START Data for review

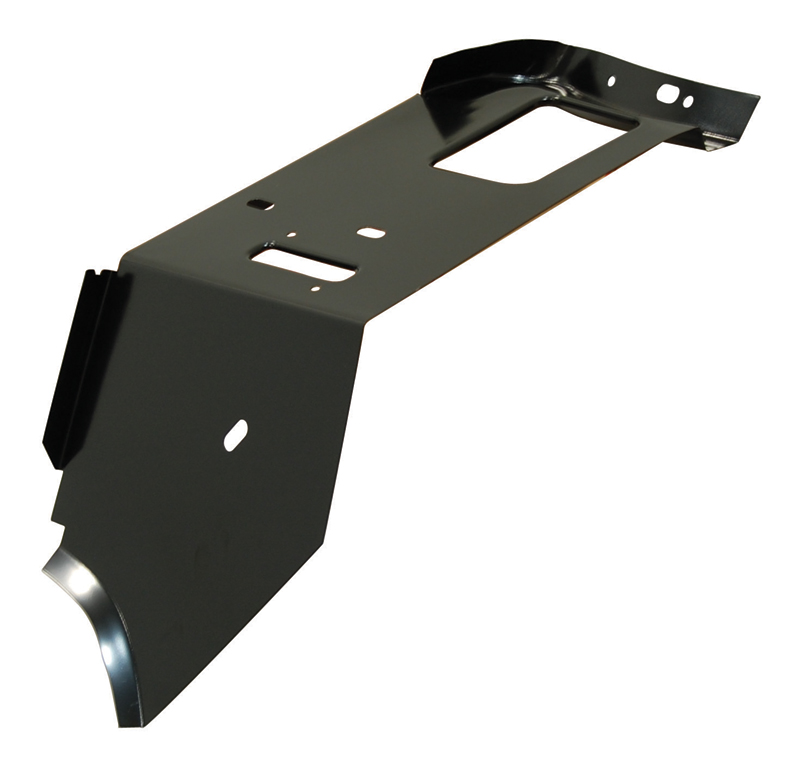 Package Tray Extension - RH - 68-70 B-Body (Except Charger)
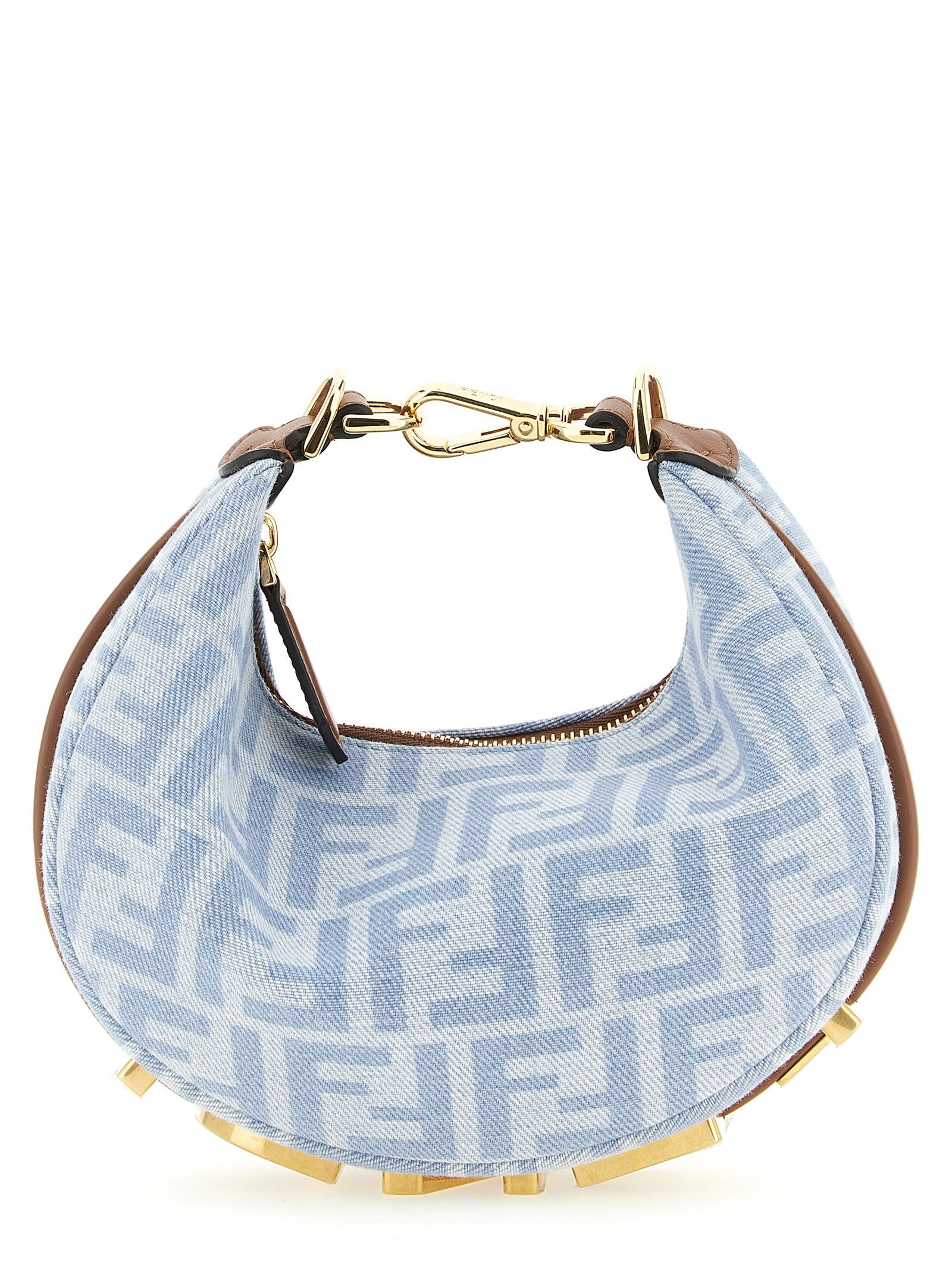 Fendi Women 'Fendigraphy' Mini Handbag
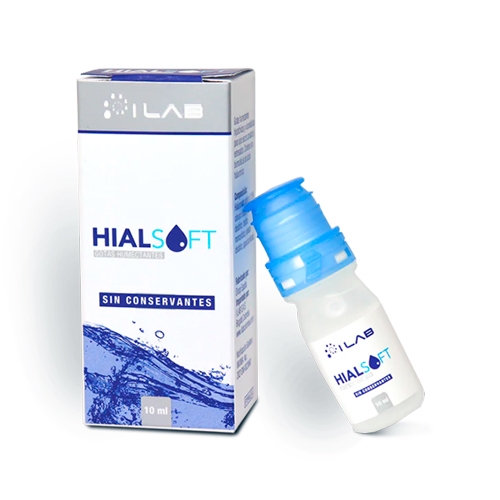 HIALSOFT FCO X 10 ML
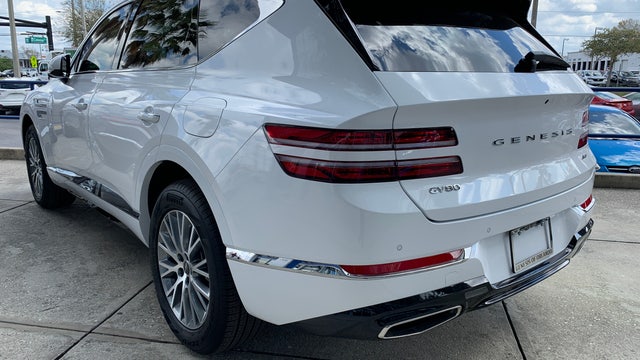 SUV safety features may have been lifesaver for Tiger Wood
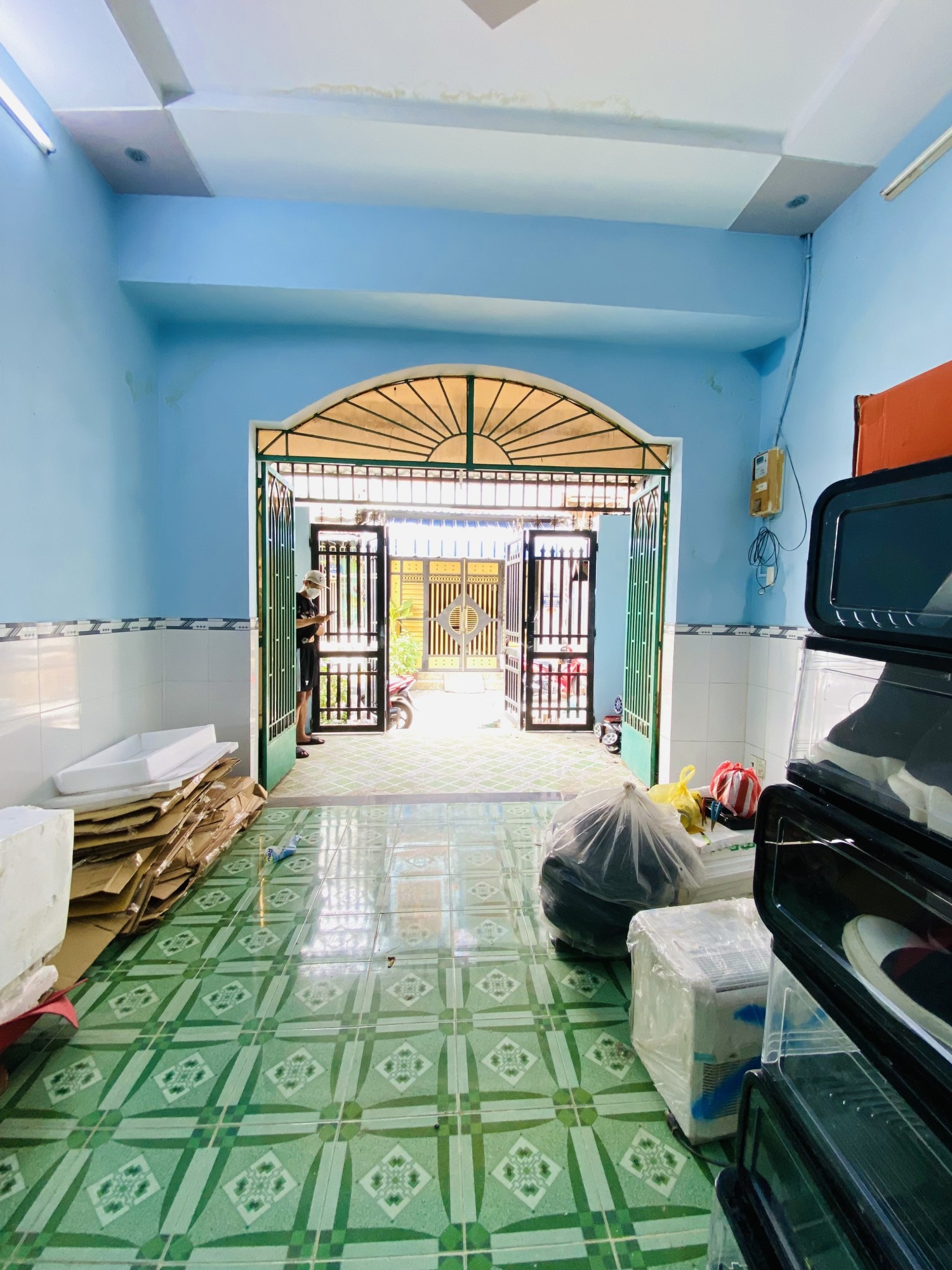 Nhà bán Bình Tân Bình Hưng Hòa B - Chỉ nhỉnh 3 TỶ có nhà gần trạm thu phí An Sương An Lạc HXH tránh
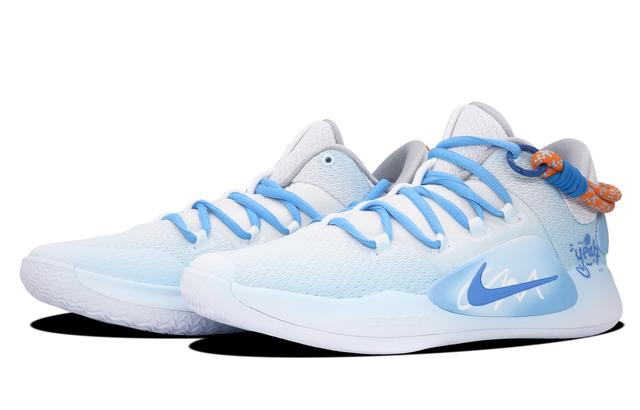 Nike Hyperdunk X Low 10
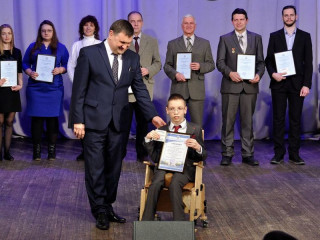 Школьник из Алтайского края стал лауреатом Всероссийской общественно-государственной инициативы «Горячее сердце»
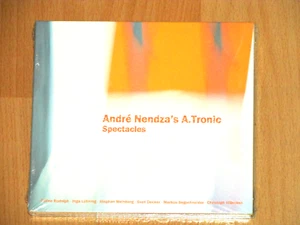 2xCD André Nendza's A.Tronic - Spectacles - Dave Liebman - Neu + ovp - Foto 1 di 2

END Data for review

**What you need to do**: Each line of the data must be restated exactly, and the pictures must be left out.

**Task answer**:
 Package Tray Extension - RH - 68-70 B-Body (Except Charger)
 Fendi Women 'Fendigraphy' Mini Handbag
 HIALSOFT FCO X 10 ML
 SUV safety features may have been lifesaver for Tiger Wood
 Nhà bán Bình Tân Bình Hưng Hòa B - Chỉ nhỉnh 3 TỶ có nhà gần trạm thu phí An Sương An Lạc HXH tránh
 Nike Hyperdunk X Low 10
 Школьник из Алтайского края стал лауреатом Всероссийской общественно-государственной инициативы «Горячее сердце»
 2xCD André Nendza's A.Tronic - Spectacles - Dave Liebman - Neu + ovp - Foto 1 di 2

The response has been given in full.